> **What to produce**
Whatever pictures the entries hold, omit them, and output exactly the lines from the one containing "1620 Regene St, Westland, MI 48186" through the final line.

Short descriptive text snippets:
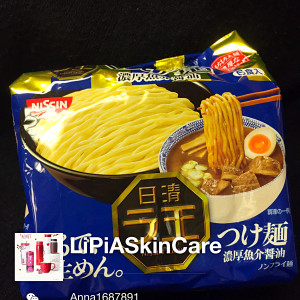 日清浓厚鱼介酱油拉面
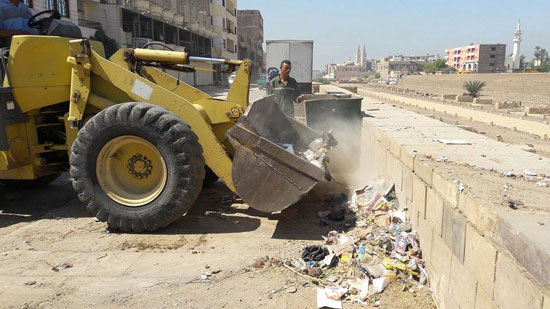 رفع القمامة في طريق الكباش بعد زوال عصر مبارك - الصورة سنة 2017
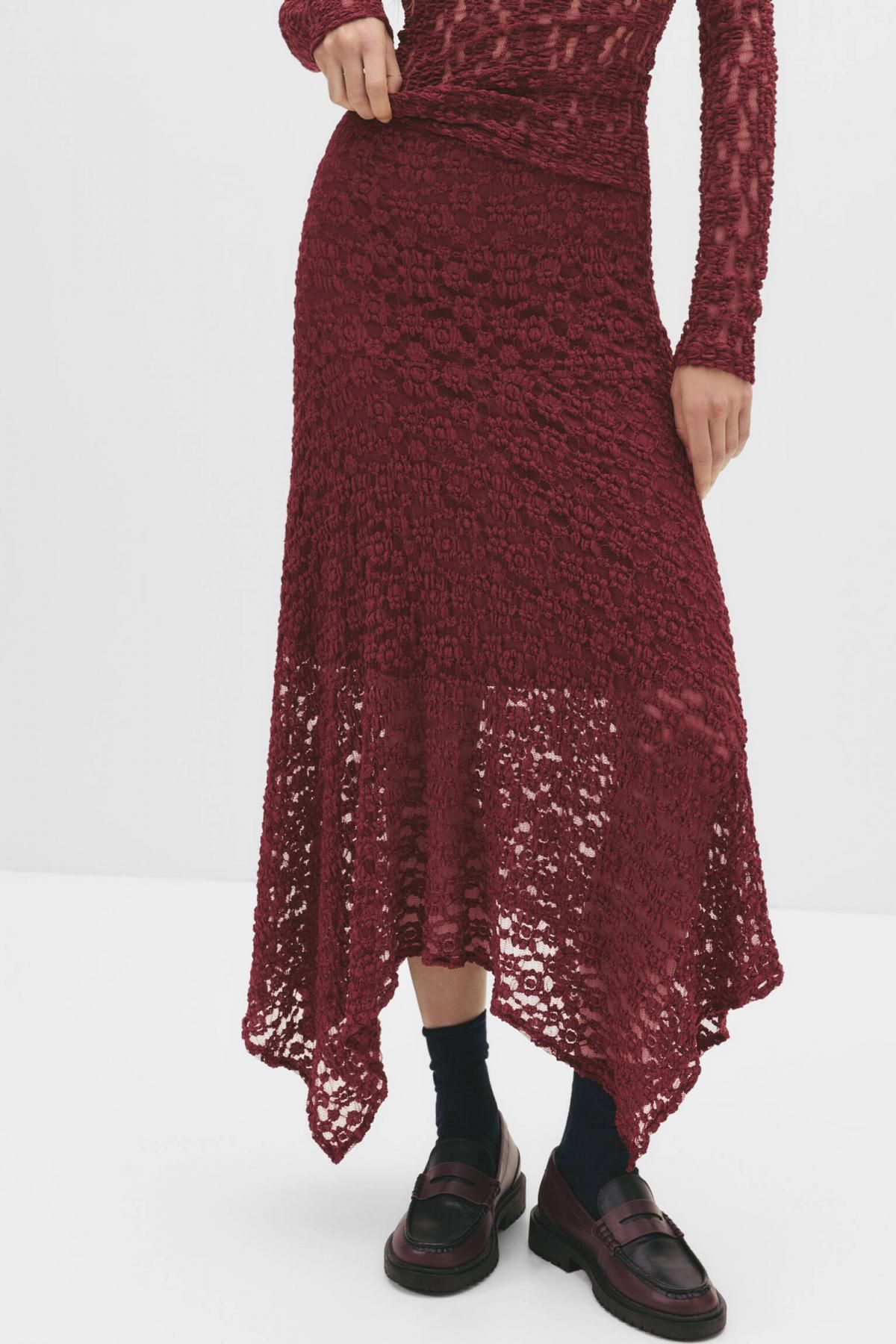 풀앤베어 로맨틱 비대칭 레이스 미디 스커트 7400/352 MAROON - 상세 이미지 5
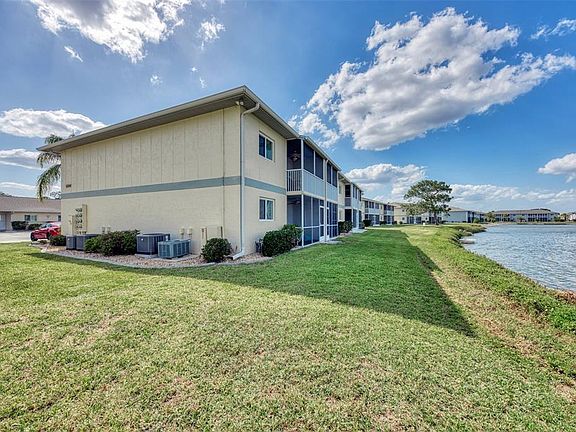 5th image of 12538 SW Kingsway Cir APT 1203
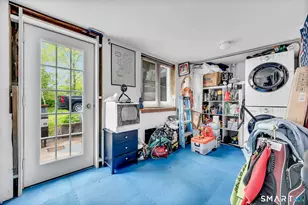 124 Pine Hill Ave, Stamford, CT 06906 - Photo 16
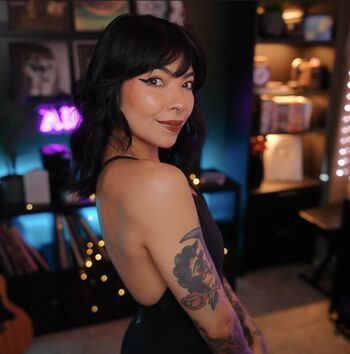 Full leaked Aileensenpaireacts page private onlyfans photo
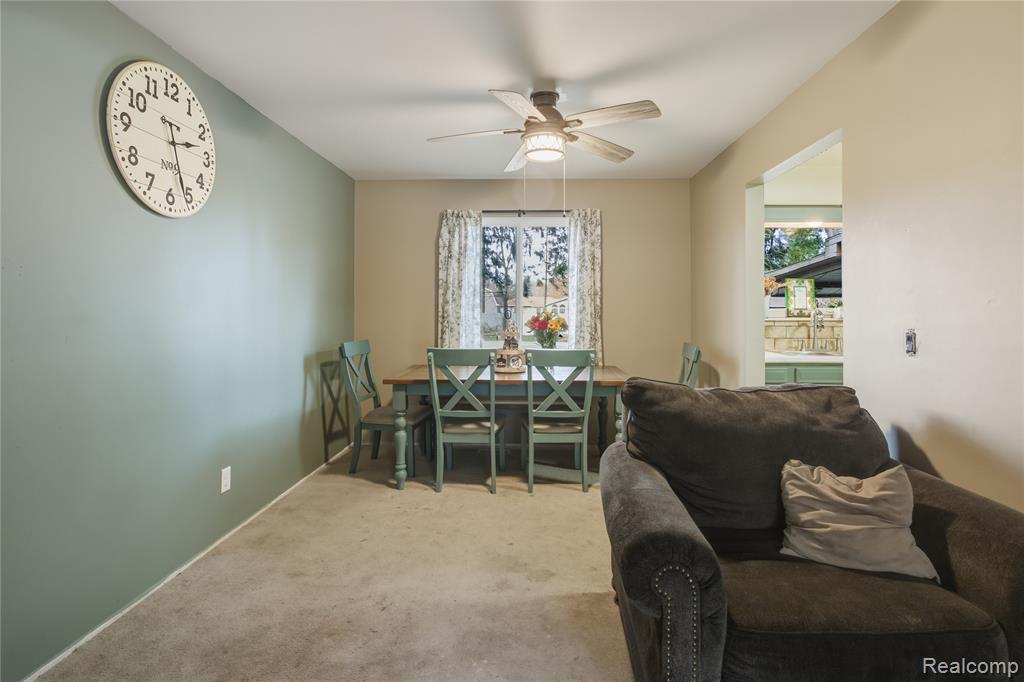 11033 Carr Road Davison, MI 48423 - Photo 6 of 37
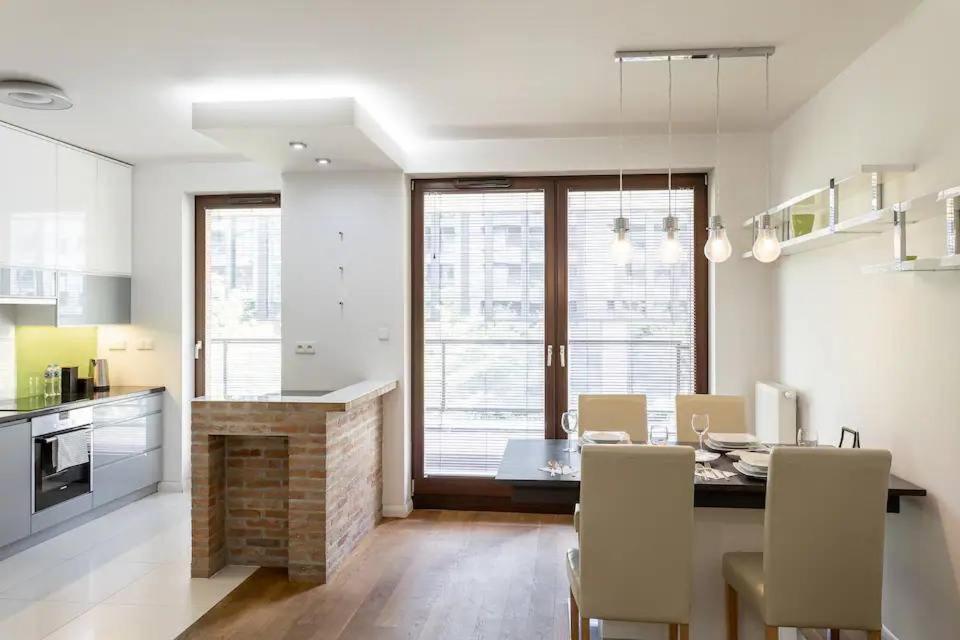 Golden - Big Luxury And Bright - Siedmiogrodzka 1 *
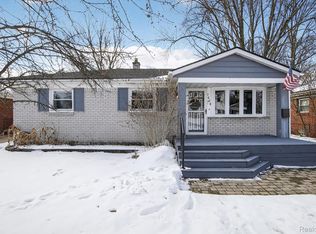 1620 Regene St, Westland, MI 48186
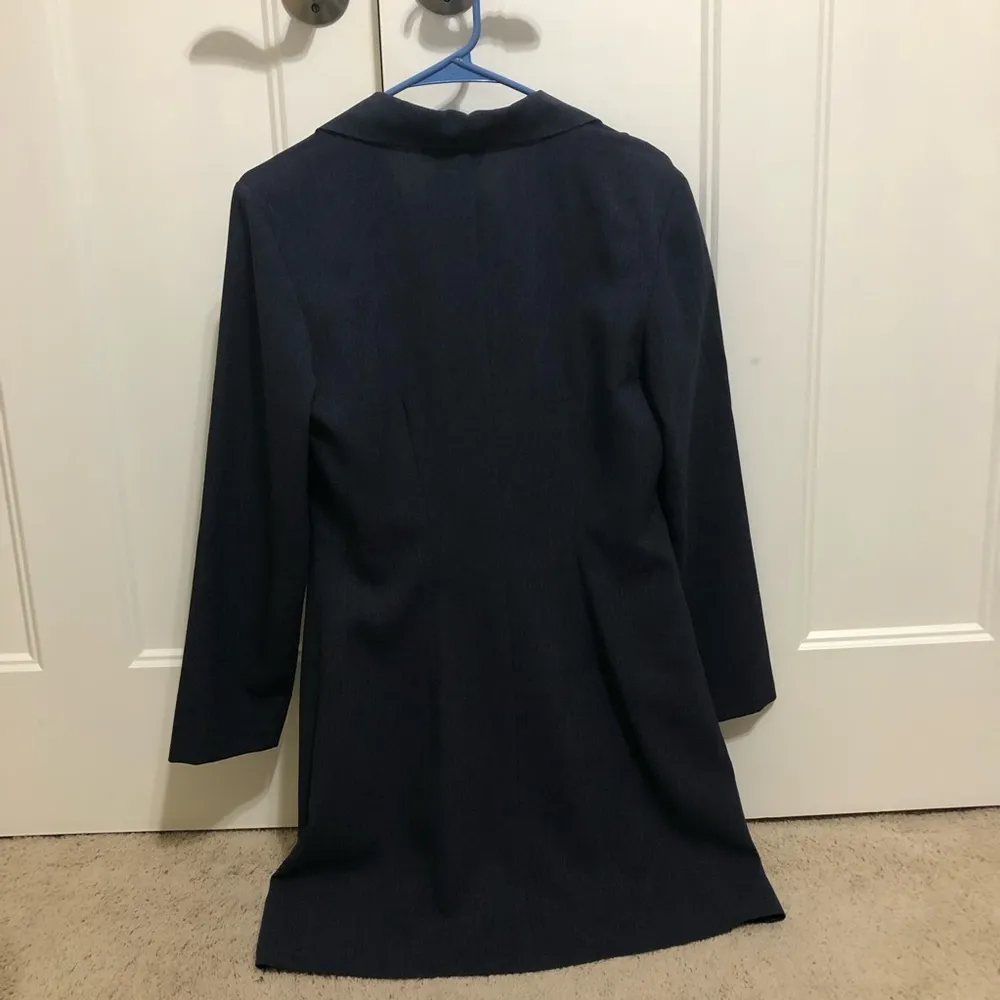 Junior size 7 Navy dress suit - Image 8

> **Result of the task**
 1620 Regene St, Westland, MI 48186
 Junior size 7 Navy dress suit - Image 8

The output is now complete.